局部地形/结构对熔岩流动方向的影响：从印度德干玄武岩的Ananthagiri山看

德干圈闭熔岩可能通过多个中心喷发，其中最突出的可能是西高止山脉的一个类似盾状火山的结构。熔岩运移和侵位机制为研究岩浆的来源以及熔岩与地壳岩石的关系提供了重要信息。在此，我们利用磁化率各向异性、岩石磁性和岩石学的结果来了解Ananthagiri山德干玄武岩的熔岩流动方向。我们从6个地点采集了48个定向块岩样品，并准备了432个样品进行详细调查。岩石磁性研究表明，钛磁铁矿的拟单畴是主要的载磁性矿物。在显微镜下，Ananthagiri的火山岩主要含有斜长石和辉石斑晶，这些斑晶被斜长石、辉石和其他不透明物包围，包括基质中的磁铁矿和钛磁铁矿。AMS主磁化率轴紧密聚集，磁线理和片理发育。磁线理（K1）与NE-SW方向的微观流动指标最吻合，指示岩浆流动方向。磁片理极（K3）以近亚垂直方向聚集在中心，而K1和K2分别为NE-SW和NW-SE方向的浅倾。度和形状参数显示为扁圆和长形混合；大多数站点是扁圆的。综合以上观测结果，推测在德干火山喷发前的古地形和构造对研究区基底Dharwar克拉通的熔岩流产生了异常的西向流动的影响。

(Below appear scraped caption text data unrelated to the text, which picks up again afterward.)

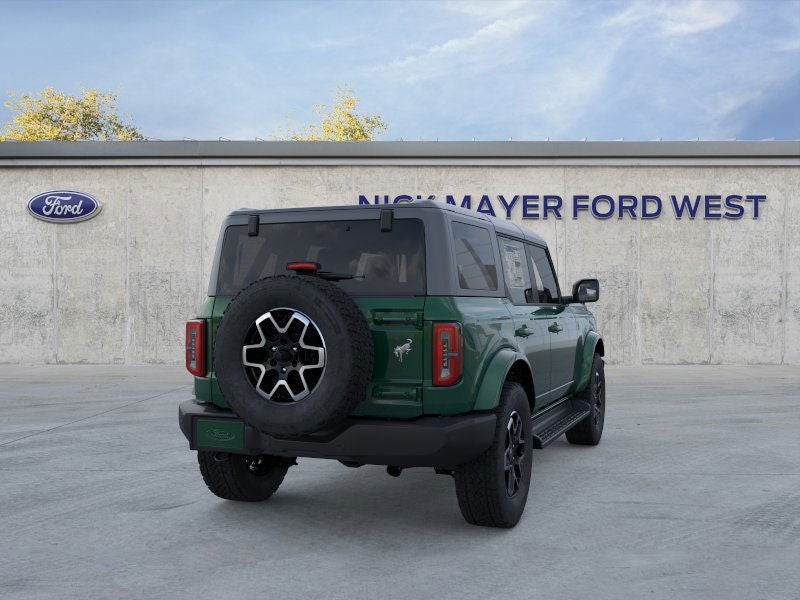 2025 Ford Bronco Outer Banks®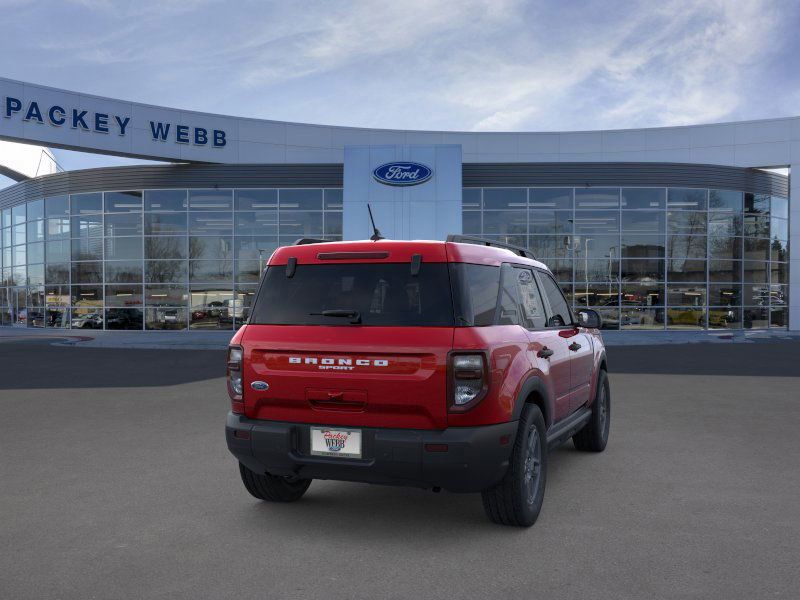 2025 FORD BRONCO SPORT - Image 8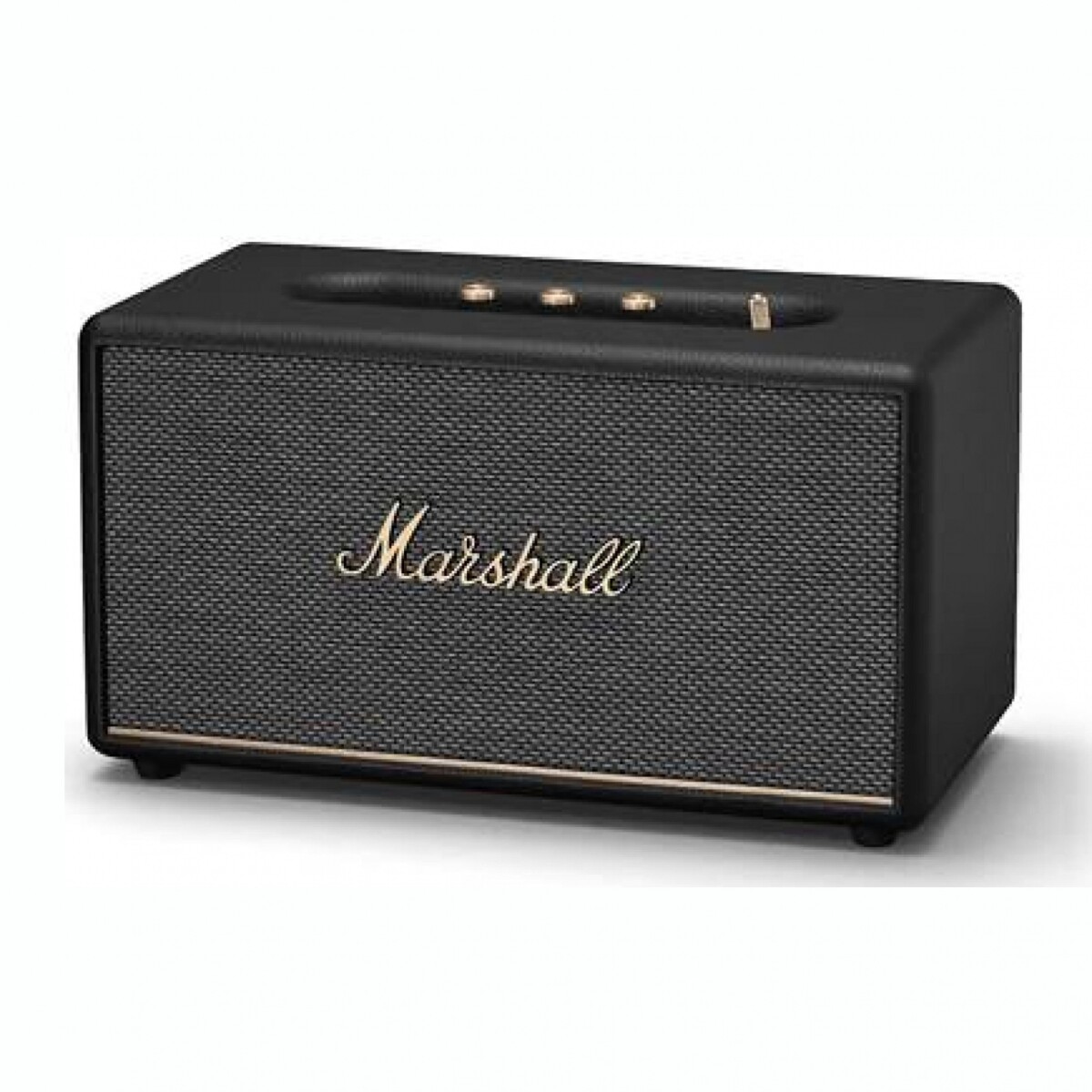 Parlante MARSHALL Action III BT Home Speaker Con Entrada Auxiliar - Black 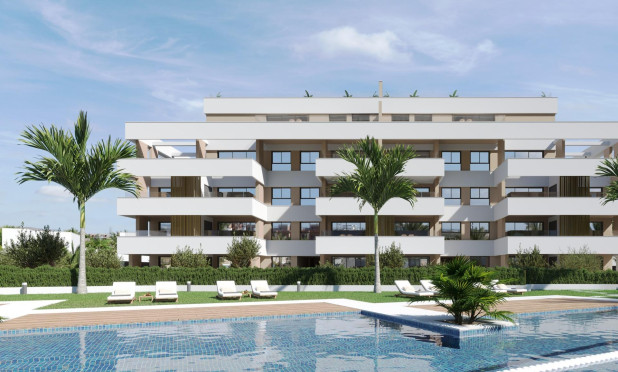 Appartement - Nouvelle construction - Torre Pacheco - NB-29452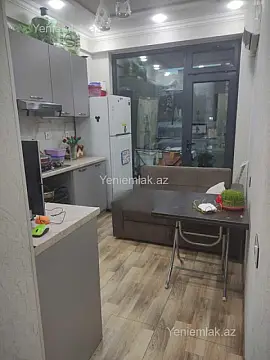 Satılır 1 otaqlı yeni tikili 50 m²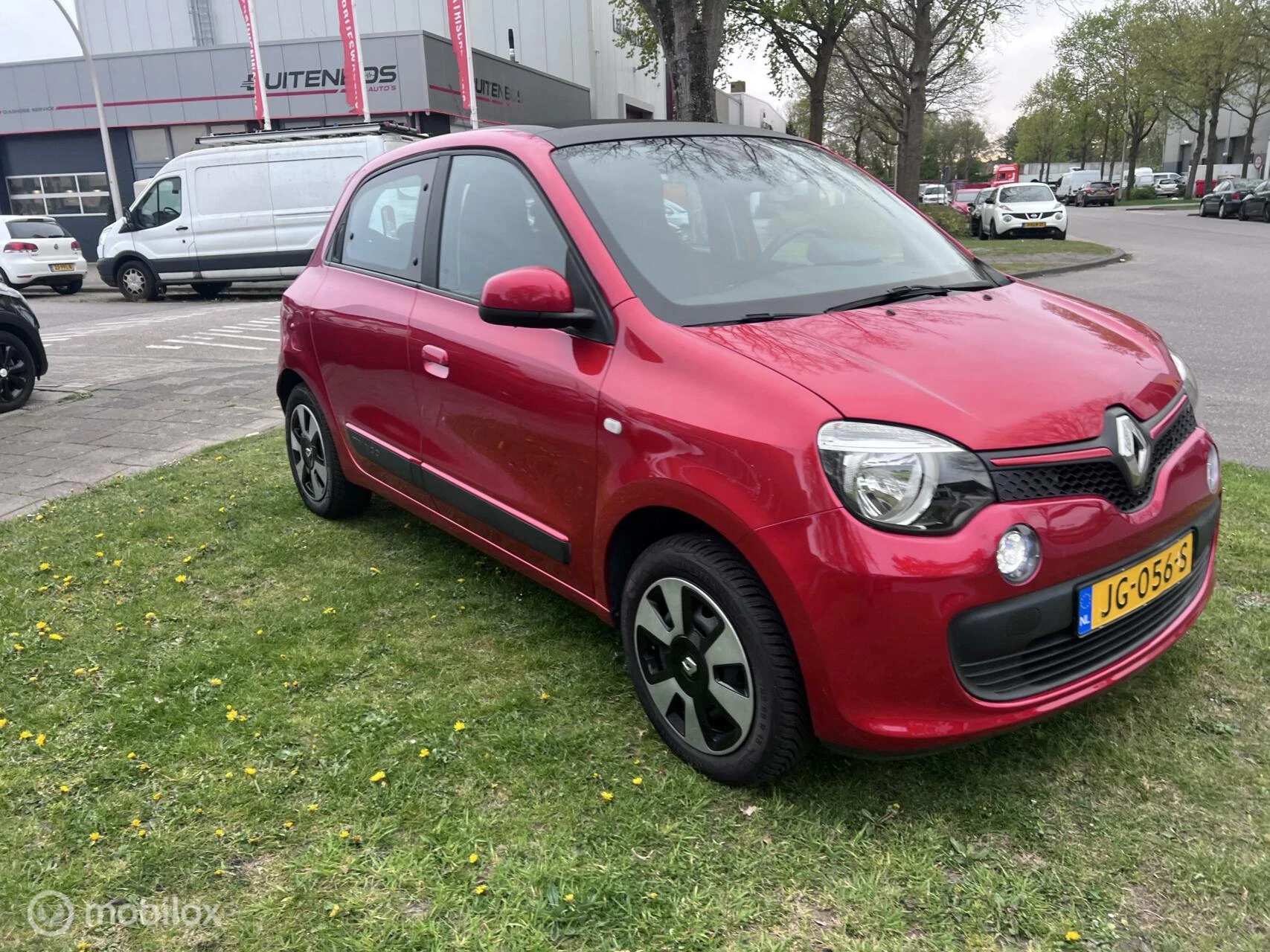 Hoofdafbeelding Renault Twingo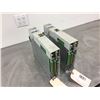 Image 1 : (2) INDRAMAT DKC11.3-040-7-FW ECO SERVO DRIVE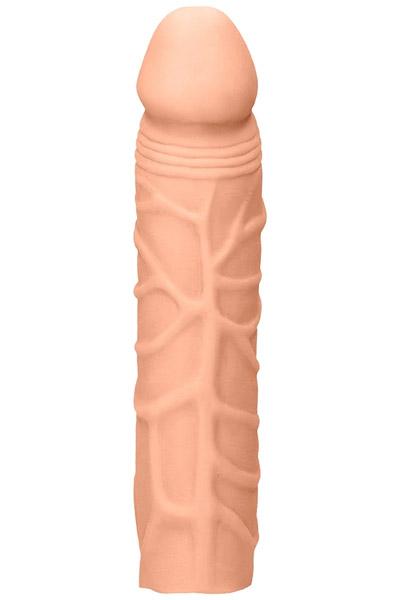 Penis Sleeve Flesh 17 cm Penisöverdrag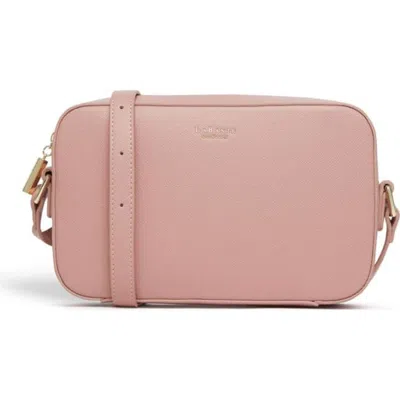 Labante London Wren Nude Vegan Crossbody In Brown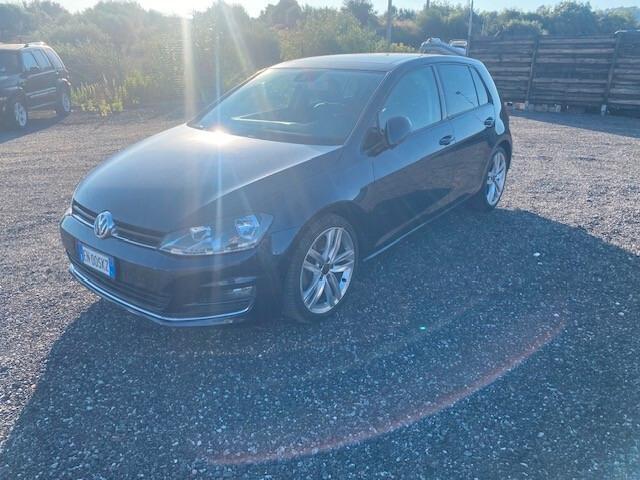 Volkswagen Golf 2.0 TDI 150 CV DSG SCR Editon Plus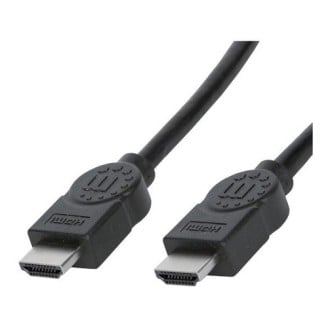 Cable Manhattan HDMI 7.5Mts Negro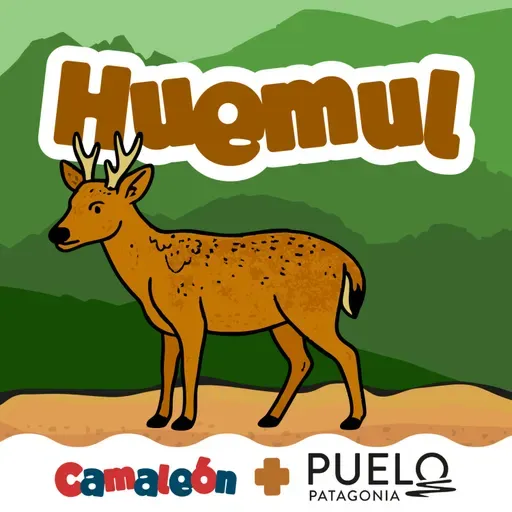 El huemul: símbolo de los Andes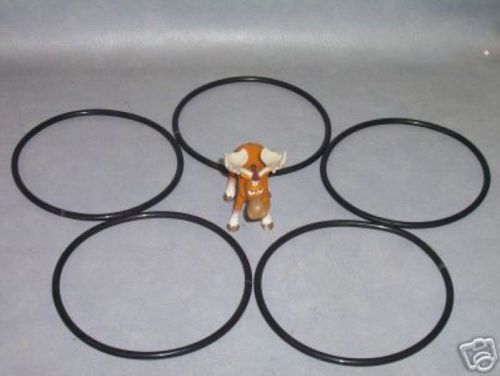 000922 O-Ring / Seal Rings Lot of 5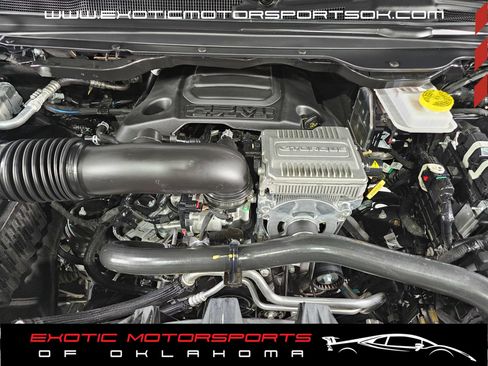 Used 2026 RAM 1500 Big Horn AWD/4WD image 16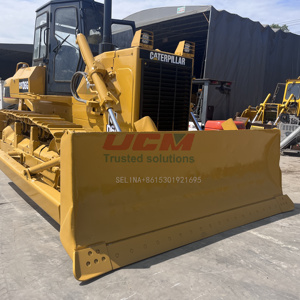 Alta calidad usada Caterpillar D6G japonés Crawler Bulldozer Core Motor Componente Precio bajo D6D7D7R D7G D7H D6R Modelos disponibles - Product Image 4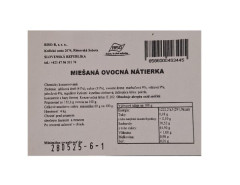 Marmelda zmes 4kg R.S.K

本文章由计算机程序翻译，如有差异，请以英文原文为准。

求助全文

约1分钟内获得全文求助全文

来源期刊

Journal of Volcanology and Geothermal Research 地学-地球科学综合

CiteScore

5.90

自引率

13.80%

发文量

183

审稿时长

19.7 weeks

期刊介绍： An international research journal with focus on volcanic and geothermal processes and their impact on the environment and society. Submission of papers covering the following aspects of volcanology and geothermal research are encouraged: (1) Geological aspects of volcanic systems: volcano stratigraphy, structure and tectonic influence; eruptive history; evolution of volcanic landforms; eruption style and progress; dispersal patterns of lava and ash; analysis of real-time eruption observations. (2) Geochemical and petrological aspects of volcanic rocks: magma genesis and evolution; crystallization; volatile compositions, solubility, and degassing; volcanic petrography and textural analysis. (3) Hydrology, geochemistry and measurement of volcanic and hydrothermal fluids: volcanic gas emissions; fumaroles and springs; crater lakes; hydrothermal mineralization. (4) Geophysical aspects of volcanic systems: physical properties of volcanic rocks and magmas; heat flow studies; volcano seismology, geodesy and remote sensing. (5) Computational modeling and experimental simulation of magmatic and hydrothermal processes: eruption dynamics; magma transport and storage; plume dynamics and ash dispersal; lava flow dynamics; hydrothermal fluid flow; thermodynamics of aqueous fluids and melts. (6) Volcano hazard and risk research: hazard zonation methodology, development of forecasting tools; assessment techniques for vulnerability and impact.